Toi, mon troupeau, voici que je vais juger entre brebis et brebis

Ainsi parle le Seigneur Dieu : Voici que moi-même, je m'occuperai de mes brebis, et je veillerai sur elles. Comme un berger veille sur les brebis de son troupeau quand elles sont dispersées, ainsi je veillerai sur mes brebis, et j'irai les délivrer dans tous les endroits où elles ont été dispersées un jour de nuages et de sombres nuées. C'est moi qui ferai paître mon troupeau, et c'est moi qui le ferai reposer, - oracle du Seigneur Dieu. La brebis perdue, je la chercherai ; l'égarée, je la ramènerai. Celle qui est blessée, je la panserai. Celle qui est malade, je lui rendrai des forces. Celle qui est grasse et vigoureuse, je la garderai, je la ferai paître selon le droit. Et toi, mon troupeau - ainsi parle le Seigneur Dieu -, voici que je vais juger entre brebis et brebis, entre les béliers et les boucs.

- Parole du Seigneur.

Ez 34, 11-12.15-17

Le Seigneur est mon berger : je ne manque de rien. Sur des prés d'herbe fraîche, il me fait reposer.

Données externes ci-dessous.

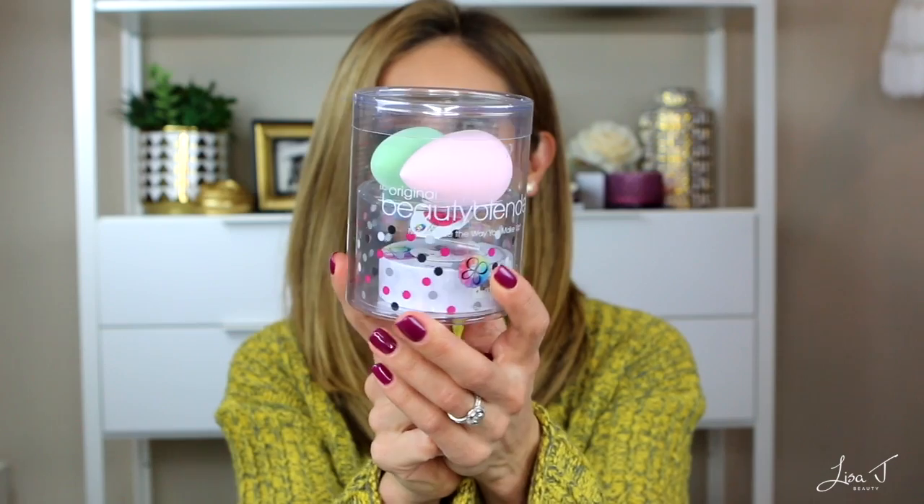The first gift is by BeautyBlender — two cute pastel-colored BeautyBlenders with a solid cleanser. This set is currently on special on QVC until about the 16th or 17th for around $34–35, and they're guaranteeing Christmas delivery if you order before the special ends. I like to constantly replace my BeautyBlenders, and I still think this is the original and best foundation sponge. You can never have too many, so if you have a makeup lover on your list, you really can't go wrong with this gift.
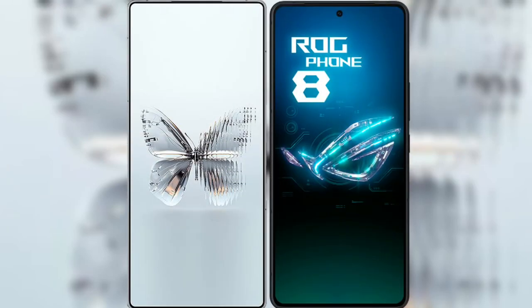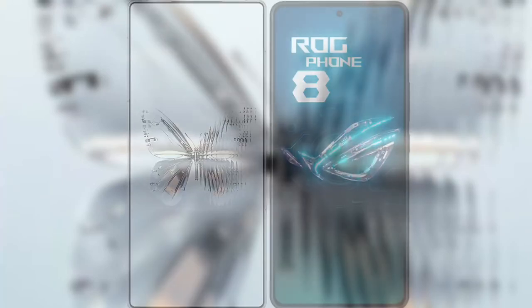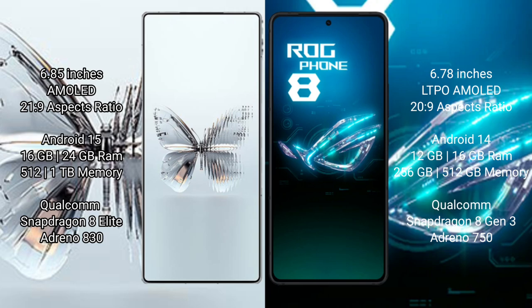I will compare the new RAID MAGIC 10 Pro Plus with ASUS ROG Phone 8. The RAID MAGIC 10 Pro Plus has a 6.85-inch AMOLED display with Snapdragon 8 Gen processor, while the ASUS ROG Phone 8 features a 6.78-inch LTPO AMOLED display with the same processor series.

Il me mène vers les eaux tranquilles et me fait revivre ; il me conduit par le juste chemin pour l'honneur de son nom.

Si je traverse les ravins de la mort, je ne crains aucun mal, car tu es avec moi, ton bâton me guide et me rassure.

Tu prépares la table pour moi devant mes ennemis ; tu répands le parfum sur ma tête, ma coupe est débordante.

Grâce et bonheur m'accompagnent tous les jours de ma vie ; j'habiterai la maison du Seigneur pour la durée de mes jours.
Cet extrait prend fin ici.